Raw data »
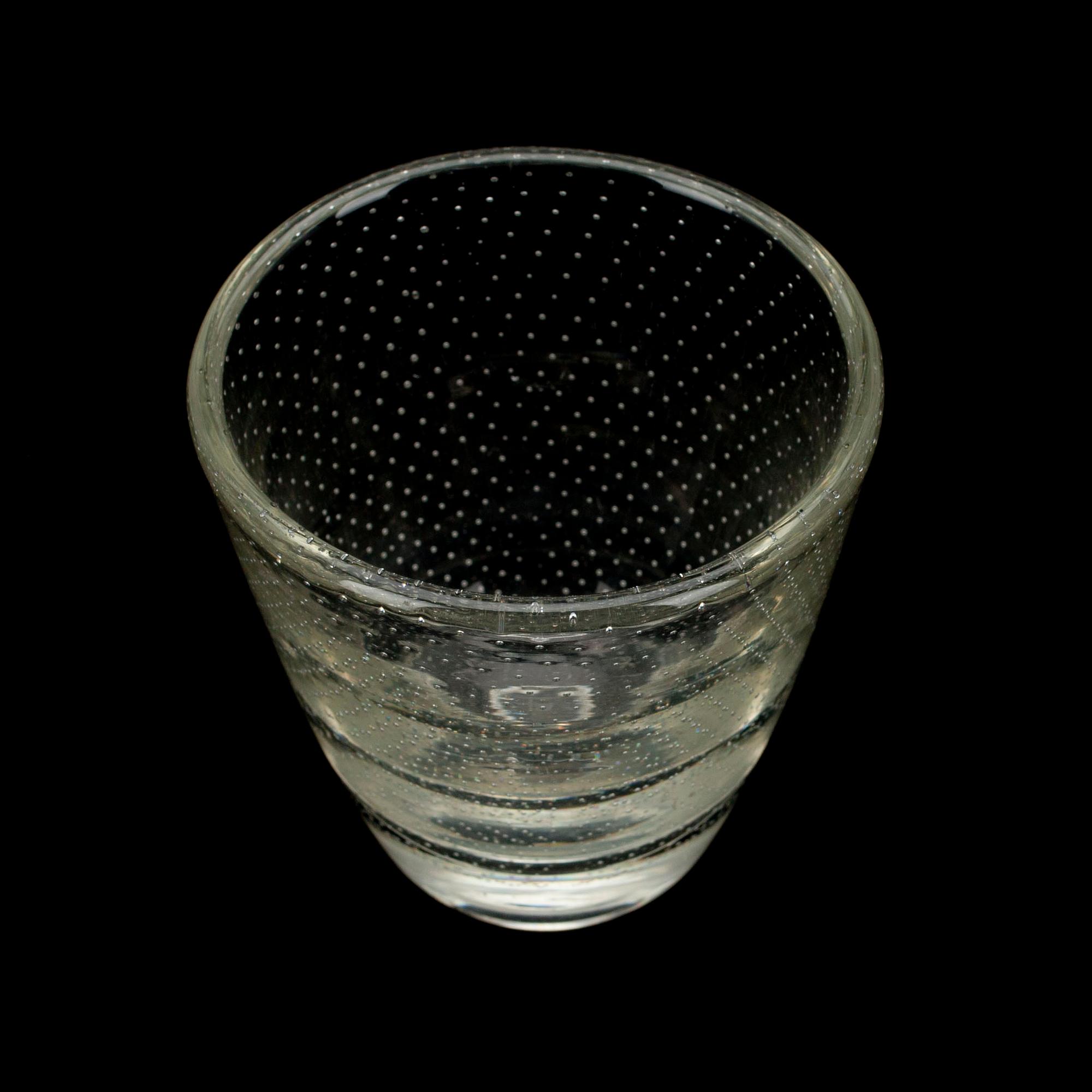 VAS, glas, signerad G. Nyman, Nuutajärvi. 1940-talets slut.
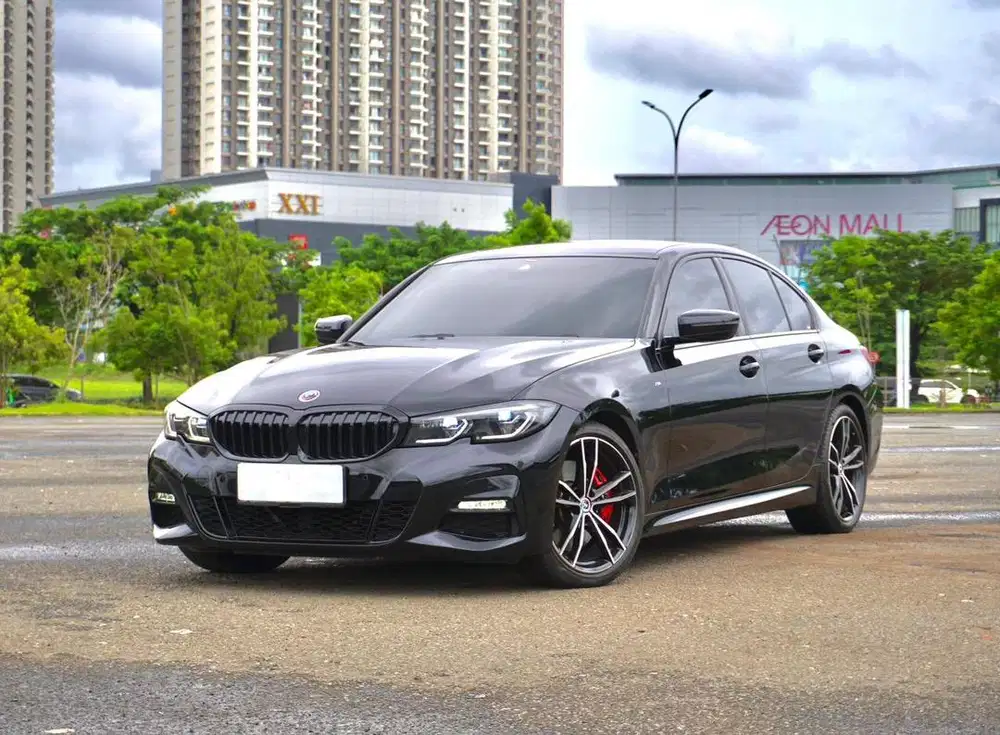 BMW 330i G20 MSport B48 50 Jahre Edition 2022 Hitam LAngka Best Buy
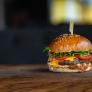 Van a comer al restaurante de Gordon Ramsay en Ibiza y no dan crédito a lo que cuesta una hamburguesa: "Me sabe a carne quemada"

Description of the task »
The copy must start at the line containing "BMW 330i G20" and end at the last line of the data, matching each line exactly. It must hold no pictures.

Task response »
 BMW 330i G20 MSport B48 50 Jahre Edition 2022 Hitam LAngka Best Buy
 Van a comer al restaurante de Gordon Ramsay en Ibiza y no dan crédito a lo que cuesta una hamburguesa: "Me sabe a carne quemada"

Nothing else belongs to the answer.